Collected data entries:
********************
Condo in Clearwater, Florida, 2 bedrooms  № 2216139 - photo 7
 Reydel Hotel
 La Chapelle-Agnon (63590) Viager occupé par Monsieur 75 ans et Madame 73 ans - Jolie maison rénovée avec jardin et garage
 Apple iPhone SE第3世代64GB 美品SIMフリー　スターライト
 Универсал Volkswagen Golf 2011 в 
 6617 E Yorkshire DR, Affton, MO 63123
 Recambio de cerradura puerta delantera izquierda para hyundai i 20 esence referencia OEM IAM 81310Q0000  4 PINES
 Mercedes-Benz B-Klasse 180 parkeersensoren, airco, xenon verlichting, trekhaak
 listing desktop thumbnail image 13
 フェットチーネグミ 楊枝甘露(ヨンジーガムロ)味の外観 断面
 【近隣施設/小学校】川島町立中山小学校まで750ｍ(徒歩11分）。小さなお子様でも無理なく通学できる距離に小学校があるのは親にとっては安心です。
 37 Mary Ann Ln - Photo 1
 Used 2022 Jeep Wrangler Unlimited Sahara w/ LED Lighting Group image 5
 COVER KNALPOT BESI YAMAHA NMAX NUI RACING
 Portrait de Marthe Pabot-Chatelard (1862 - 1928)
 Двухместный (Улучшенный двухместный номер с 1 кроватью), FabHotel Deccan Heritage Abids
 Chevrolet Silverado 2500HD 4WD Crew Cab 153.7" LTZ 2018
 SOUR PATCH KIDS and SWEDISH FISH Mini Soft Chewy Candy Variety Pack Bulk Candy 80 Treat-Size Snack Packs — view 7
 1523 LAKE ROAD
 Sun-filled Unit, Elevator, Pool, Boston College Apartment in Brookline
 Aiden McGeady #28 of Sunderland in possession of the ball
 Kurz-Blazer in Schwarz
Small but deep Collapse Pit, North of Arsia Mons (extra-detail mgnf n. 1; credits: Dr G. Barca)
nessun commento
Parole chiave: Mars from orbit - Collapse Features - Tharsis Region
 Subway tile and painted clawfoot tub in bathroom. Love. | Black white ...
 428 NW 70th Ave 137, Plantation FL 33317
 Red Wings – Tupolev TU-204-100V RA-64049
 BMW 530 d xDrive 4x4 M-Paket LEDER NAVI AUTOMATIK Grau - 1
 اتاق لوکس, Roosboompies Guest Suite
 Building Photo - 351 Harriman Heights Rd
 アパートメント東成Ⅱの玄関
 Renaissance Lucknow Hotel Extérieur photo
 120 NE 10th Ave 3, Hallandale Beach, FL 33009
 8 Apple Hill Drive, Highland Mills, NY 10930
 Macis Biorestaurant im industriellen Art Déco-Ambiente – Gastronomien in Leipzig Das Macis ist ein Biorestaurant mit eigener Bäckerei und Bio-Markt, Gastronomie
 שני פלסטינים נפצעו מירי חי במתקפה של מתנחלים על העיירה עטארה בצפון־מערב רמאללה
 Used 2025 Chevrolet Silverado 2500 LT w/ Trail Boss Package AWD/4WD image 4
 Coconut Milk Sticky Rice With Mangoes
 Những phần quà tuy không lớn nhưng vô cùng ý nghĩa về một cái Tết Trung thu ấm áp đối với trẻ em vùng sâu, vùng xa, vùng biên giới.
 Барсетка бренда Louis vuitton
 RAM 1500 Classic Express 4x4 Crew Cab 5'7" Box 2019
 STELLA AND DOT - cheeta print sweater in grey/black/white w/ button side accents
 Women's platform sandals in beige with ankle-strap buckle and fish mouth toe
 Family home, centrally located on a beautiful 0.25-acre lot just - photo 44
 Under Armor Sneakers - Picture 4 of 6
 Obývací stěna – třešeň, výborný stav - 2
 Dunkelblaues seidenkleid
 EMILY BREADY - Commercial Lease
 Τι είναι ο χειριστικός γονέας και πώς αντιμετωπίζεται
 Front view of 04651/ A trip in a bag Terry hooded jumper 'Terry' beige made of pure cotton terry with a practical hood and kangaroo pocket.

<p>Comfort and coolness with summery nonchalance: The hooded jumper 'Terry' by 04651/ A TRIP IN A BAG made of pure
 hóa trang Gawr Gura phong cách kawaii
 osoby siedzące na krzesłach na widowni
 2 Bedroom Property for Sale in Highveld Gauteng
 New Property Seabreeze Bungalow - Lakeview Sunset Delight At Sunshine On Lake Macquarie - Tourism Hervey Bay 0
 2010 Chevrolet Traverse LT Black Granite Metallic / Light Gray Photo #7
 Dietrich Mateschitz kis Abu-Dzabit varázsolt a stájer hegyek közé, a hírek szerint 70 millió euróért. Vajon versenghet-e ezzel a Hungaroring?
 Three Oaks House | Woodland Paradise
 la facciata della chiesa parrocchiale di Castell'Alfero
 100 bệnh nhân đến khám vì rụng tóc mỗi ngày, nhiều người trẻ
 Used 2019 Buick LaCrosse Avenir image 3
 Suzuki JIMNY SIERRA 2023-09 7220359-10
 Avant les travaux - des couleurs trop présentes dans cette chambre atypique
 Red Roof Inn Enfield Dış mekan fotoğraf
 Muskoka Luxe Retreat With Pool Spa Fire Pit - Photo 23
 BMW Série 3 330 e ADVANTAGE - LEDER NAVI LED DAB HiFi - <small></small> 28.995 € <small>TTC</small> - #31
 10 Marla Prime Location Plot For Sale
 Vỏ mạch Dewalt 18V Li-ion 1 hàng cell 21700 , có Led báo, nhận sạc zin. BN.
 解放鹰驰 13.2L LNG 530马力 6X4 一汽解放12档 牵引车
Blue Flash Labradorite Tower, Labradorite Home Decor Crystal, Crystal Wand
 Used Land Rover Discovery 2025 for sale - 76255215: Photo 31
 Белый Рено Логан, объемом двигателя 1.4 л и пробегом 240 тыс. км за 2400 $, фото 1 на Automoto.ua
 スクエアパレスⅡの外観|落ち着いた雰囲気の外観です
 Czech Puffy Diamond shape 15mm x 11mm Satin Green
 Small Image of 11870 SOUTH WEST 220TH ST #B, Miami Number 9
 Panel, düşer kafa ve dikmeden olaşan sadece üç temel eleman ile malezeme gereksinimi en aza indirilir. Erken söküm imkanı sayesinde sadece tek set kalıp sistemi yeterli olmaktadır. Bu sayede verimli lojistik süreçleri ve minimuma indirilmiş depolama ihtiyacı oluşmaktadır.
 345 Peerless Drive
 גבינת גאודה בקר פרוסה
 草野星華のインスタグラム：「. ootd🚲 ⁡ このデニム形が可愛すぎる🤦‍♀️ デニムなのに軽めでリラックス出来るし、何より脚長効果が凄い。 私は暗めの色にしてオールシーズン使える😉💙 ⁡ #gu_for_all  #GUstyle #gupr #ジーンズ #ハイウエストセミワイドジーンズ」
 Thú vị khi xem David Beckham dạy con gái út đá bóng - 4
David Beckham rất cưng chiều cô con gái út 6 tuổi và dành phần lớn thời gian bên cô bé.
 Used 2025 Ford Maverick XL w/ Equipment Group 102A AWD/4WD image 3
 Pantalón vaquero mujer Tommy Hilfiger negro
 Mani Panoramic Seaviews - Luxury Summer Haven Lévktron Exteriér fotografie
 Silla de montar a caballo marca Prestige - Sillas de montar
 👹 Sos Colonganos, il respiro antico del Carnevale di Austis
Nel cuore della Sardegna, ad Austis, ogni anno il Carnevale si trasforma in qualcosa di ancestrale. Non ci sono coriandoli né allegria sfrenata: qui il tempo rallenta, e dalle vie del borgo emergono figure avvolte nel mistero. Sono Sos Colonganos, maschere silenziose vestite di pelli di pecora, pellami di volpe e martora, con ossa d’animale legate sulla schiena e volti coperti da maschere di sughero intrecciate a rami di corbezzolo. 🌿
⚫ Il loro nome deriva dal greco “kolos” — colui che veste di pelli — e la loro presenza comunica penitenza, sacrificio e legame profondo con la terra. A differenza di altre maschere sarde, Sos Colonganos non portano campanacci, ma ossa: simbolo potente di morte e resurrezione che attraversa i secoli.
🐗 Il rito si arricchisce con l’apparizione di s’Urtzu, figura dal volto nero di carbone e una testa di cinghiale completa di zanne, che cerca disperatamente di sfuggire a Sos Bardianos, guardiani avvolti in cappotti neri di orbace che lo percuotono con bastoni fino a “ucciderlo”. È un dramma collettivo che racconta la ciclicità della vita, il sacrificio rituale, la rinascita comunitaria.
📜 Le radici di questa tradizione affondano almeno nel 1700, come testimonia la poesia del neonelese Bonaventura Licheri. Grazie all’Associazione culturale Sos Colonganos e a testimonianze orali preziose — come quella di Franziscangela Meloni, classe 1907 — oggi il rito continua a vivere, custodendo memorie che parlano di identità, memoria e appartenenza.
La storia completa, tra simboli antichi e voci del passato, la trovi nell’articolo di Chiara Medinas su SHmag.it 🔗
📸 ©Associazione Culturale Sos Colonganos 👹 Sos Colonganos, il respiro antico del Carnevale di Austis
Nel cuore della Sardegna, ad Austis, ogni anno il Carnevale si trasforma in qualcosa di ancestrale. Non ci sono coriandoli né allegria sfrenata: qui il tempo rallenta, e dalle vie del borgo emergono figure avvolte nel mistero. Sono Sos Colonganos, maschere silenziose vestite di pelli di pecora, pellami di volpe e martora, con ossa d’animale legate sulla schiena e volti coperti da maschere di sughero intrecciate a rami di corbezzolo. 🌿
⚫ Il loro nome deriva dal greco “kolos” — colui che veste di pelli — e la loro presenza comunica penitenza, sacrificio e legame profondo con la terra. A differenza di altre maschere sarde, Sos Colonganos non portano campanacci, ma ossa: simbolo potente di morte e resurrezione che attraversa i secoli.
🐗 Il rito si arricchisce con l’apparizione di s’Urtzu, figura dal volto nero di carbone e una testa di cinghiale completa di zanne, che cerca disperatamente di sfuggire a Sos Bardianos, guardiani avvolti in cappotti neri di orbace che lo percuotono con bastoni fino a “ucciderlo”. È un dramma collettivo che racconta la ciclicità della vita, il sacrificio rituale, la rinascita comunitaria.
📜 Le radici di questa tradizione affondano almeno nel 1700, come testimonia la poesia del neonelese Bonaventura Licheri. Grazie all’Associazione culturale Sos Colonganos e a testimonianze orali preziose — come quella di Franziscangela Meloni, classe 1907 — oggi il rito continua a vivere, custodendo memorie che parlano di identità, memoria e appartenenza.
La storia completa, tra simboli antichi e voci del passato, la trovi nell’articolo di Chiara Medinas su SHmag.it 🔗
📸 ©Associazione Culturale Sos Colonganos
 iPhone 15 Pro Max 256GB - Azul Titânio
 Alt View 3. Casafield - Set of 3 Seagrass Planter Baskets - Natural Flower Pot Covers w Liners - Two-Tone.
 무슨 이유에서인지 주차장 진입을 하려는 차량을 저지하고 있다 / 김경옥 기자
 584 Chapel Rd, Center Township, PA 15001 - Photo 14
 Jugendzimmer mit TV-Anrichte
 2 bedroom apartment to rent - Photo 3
********************
* PROBLEM TO SOLVE:
Above are the records. Print exactly, and only, the lines from the line with "Muskoka Luxe Retreat" to the line with "Thú vị khi xem", both inclusive.

* OUTPUT OF THE EXERCISE:
 Muskoka Luxe Retreat With Pool Spa Fire Pit - Photo 23
 BMW Série 3 330 e ADVANTAGE - LEDER NAVI LED DAB HiFi - <small></small> 28.995 € <small>TTC</small> - #31
 10 Marla Prime Location Plot For Sale
 Vỏ mạch Dewalt 18V Li-ion 1 hàng cell 21700 , có Led báo, nhận sạc zin. BN.
 解放鹰驰 13.2L LNG 530马力 6X4 一汽解放12档 牵引车
Blue Flash Labradorite Tower, Labradorite Home Decor Crystal, Crystal Wand
 Used Land Rover Discovery 2025 for sale - 76255215: Photo 31
 Белый Рено Логан, объемом двигателя 1.4 л и пробегом 240 тыс. км за 2400 $, фото 1 на Automoto.ua
 スクエアパレスⅡの外観|落ち着いた雰囲気の外観です
 Czech Puffy Diamond shape 15mm x 11mm Satin Green
 Small Image of 11870 SOUTH WEST 220TH ST #B, Miami Number 9
 Panel, düşer kafa ve dikmeden olaşan sadece üç temel eleman ile malezeme gereksinimi en aza indirilir. Erken söküm imkanı sayesinde sadece tek set kalıp sistemi yeterli olmaktadır. Bu sayede verimli lojistik süreçleri ve minimuma indirilmiş depolama ihtiyacı oluşmaktadır.
 345 Peerless Drive
 גבינת גאודה בקר פרוסה
 草野星華のインスタグラム：「. ootd🚲 ⁡ このデニム形が可愛すぎる🤦‍♀️ デニムなのに軽めでリラックス出来るし、何より脚長効果が凄い。 私は暗めの色にしてオールシーズン使える😉💙 ⁡ #gu_for_all  #GUstyle #gupr #ジーンズ #ハイウエストセミワイドジーンズ」
 Thú vị khi xem David Beckham dạy con gái út đá bóng - 4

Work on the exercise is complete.